You neglected to take the result of mysql_query(). What is the result? If it's a MySQL statement handle resource, then the database thinks it did the insert. If not, then something went wrong and there should be a value in mysql_error().
Well, either way with or without the result it still refuses to push a mysql_error. Any help with that? Maybe someone can play with this and get something effective out of it (I.E. atleast an error so I can atleast debug.)
MySQL queries also require a connection string. You only told it the SQL statement you also have to tell it what database, username and passwords to use (A connection string). (In the line below my connection string is $conn) Also notice the "or die" followed by error catching is helpful for preventing sql injection attacks and for catching errors. You should write your query something more like: $result = mysql_query($q, $conn) or die ('Query failed: '.mysql_error());
The connection string is optional; if you don't supply one then it will use the most recently opened connection. The only time you ever really need to use it is if you are connecting to different database servers at the same time or using different MySQL usernames at the same time. Agree about the "or die" though.
I guess I forgot to mention while feeling list a newbie - I'm not really a newbie. I've been programming with PHP for years - I can't for the life of me debug this though. I always do a lot of mysql work (I have a global function page that has my mysql library.) so I'm very familiar, just can't debug this. Thus, coming to DP for help. I'll give the or die() option a try.

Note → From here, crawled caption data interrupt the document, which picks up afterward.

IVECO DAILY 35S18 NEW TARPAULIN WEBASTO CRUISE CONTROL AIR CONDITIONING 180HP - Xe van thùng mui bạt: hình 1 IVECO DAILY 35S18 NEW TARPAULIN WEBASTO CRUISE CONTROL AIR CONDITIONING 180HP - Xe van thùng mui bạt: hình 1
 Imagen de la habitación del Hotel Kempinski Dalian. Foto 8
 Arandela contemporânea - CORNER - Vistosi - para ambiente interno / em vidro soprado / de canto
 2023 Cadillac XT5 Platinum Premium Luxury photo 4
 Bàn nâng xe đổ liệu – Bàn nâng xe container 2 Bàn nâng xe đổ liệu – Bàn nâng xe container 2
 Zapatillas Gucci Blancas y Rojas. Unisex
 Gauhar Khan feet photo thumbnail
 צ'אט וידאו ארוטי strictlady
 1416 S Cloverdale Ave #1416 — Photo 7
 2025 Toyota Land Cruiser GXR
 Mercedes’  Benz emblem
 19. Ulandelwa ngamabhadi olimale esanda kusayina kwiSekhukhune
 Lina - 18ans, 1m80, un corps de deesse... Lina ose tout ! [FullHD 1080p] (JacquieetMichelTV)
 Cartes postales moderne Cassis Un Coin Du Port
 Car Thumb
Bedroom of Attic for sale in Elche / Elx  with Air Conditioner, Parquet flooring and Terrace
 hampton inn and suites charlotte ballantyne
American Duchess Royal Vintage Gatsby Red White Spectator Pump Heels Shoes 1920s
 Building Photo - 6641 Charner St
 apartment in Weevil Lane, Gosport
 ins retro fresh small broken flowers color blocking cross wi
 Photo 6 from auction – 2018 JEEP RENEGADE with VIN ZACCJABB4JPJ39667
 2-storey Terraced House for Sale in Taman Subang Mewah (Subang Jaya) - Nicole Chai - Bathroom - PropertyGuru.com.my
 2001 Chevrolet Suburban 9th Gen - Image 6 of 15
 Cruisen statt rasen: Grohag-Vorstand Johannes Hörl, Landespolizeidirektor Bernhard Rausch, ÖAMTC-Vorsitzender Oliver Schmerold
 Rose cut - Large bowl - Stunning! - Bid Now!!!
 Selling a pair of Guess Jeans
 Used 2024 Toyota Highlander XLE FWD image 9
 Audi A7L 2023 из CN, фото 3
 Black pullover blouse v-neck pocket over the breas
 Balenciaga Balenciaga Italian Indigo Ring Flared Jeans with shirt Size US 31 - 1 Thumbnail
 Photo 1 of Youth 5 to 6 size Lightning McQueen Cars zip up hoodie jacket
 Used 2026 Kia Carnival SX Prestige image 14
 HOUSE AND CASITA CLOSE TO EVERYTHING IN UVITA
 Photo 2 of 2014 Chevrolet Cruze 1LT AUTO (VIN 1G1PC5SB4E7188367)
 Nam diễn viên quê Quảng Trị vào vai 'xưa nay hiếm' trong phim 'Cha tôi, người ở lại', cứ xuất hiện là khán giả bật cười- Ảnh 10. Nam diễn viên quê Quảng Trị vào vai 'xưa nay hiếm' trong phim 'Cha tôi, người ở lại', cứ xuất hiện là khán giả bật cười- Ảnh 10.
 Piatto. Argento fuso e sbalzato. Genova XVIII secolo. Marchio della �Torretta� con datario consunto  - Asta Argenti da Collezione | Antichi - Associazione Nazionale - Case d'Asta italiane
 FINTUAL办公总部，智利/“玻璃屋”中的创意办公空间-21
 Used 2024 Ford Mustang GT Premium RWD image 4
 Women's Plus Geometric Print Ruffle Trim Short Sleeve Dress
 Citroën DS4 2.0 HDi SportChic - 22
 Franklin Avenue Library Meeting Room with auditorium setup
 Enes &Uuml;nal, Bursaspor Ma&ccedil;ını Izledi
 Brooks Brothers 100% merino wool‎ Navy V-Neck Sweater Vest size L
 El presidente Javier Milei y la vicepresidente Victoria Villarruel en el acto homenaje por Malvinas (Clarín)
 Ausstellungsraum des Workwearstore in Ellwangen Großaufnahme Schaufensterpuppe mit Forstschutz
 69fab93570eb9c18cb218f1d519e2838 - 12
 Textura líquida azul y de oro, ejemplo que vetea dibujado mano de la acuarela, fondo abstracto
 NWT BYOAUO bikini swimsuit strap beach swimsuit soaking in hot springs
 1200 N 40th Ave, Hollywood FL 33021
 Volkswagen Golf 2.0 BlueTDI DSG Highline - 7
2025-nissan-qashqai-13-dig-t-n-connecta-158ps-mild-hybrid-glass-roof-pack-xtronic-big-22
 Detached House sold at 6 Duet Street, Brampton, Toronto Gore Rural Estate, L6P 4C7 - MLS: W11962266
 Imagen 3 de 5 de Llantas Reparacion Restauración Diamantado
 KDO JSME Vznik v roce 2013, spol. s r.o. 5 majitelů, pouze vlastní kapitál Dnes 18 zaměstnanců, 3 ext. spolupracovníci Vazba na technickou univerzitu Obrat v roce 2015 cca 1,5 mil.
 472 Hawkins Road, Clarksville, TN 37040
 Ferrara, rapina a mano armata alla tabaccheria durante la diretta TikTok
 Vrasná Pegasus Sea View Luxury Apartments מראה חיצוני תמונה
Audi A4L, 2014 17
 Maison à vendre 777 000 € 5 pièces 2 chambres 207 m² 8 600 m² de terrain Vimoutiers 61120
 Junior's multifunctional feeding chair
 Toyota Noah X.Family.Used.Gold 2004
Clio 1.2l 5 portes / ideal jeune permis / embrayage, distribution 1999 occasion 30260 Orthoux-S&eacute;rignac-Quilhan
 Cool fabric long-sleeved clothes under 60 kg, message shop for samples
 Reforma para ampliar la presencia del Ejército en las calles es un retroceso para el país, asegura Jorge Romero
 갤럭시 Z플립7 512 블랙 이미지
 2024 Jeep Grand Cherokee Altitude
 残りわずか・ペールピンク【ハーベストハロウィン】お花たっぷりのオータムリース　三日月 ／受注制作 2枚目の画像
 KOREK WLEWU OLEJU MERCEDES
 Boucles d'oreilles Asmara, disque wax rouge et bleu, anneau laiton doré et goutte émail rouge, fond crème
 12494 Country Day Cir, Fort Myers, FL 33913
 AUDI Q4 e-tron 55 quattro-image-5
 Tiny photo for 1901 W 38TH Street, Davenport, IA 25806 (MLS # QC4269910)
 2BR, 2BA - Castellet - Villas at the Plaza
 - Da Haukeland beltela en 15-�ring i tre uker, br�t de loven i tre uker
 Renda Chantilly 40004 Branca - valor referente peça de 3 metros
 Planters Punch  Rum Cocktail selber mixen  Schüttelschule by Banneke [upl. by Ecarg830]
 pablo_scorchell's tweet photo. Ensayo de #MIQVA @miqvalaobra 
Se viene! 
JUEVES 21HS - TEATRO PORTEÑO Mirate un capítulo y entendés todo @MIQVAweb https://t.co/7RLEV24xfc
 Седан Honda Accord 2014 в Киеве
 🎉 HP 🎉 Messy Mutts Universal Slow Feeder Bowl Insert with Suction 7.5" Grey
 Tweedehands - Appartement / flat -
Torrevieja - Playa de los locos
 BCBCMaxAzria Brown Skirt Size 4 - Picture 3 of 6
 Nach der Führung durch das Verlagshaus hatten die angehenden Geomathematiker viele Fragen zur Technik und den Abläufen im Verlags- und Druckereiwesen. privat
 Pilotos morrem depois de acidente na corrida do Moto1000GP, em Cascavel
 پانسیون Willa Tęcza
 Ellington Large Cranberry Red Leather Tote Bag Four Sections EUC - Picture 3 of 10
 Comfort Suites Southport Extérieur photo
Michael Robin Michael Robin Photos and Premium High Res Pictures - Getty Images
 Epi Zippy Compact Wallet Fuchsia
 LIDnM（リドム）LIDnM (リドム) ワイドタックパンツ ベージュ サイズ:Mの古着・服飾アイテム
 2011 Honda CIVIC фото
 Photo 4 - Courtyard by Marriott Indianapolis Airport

Thanks, Protege Sales Inc.
You don't need the excess quotes, variables can be parsed within double quotes. <?php error_reporting(E_ALL); $q = "INSERT INTO orders (order_number, order_firstname, order_lastname order_addressline1, order_addressline2, order_city, order_state, order_zipcode, order_email, order_phone, order_magcode1, order_years1, order_magcode2, order_years2, order_paymentamount, order_key, order_payment_times, order_gender, order_magazine, order_agent, order_date, order_comments, admin_comments, order_cash, order_check, order_front, order_mic, order_ph, order_gift, order_total, order_issues, order_subscriber ) VALUES ( $receipt, $order_firstname, $order_lastname, $addressline1, $addressline2, $order_city, $state, $zipcode, $email, $phone_number, $magcode1, $years1, $magcode2, $years2, $total, 'ws', '1', $gender, $magazine $agent, $date, $order_comments, $admin_comments, $cash, $check, $front, $mic, '8', $gift, $total, $issues, $order_subscriber)"; mysql_query($q) or die(mysql_error()); ?> PHP: I Suggest: 1. Check that you have the same amount of values as your columns. 2. Check that all variables exists/are defined.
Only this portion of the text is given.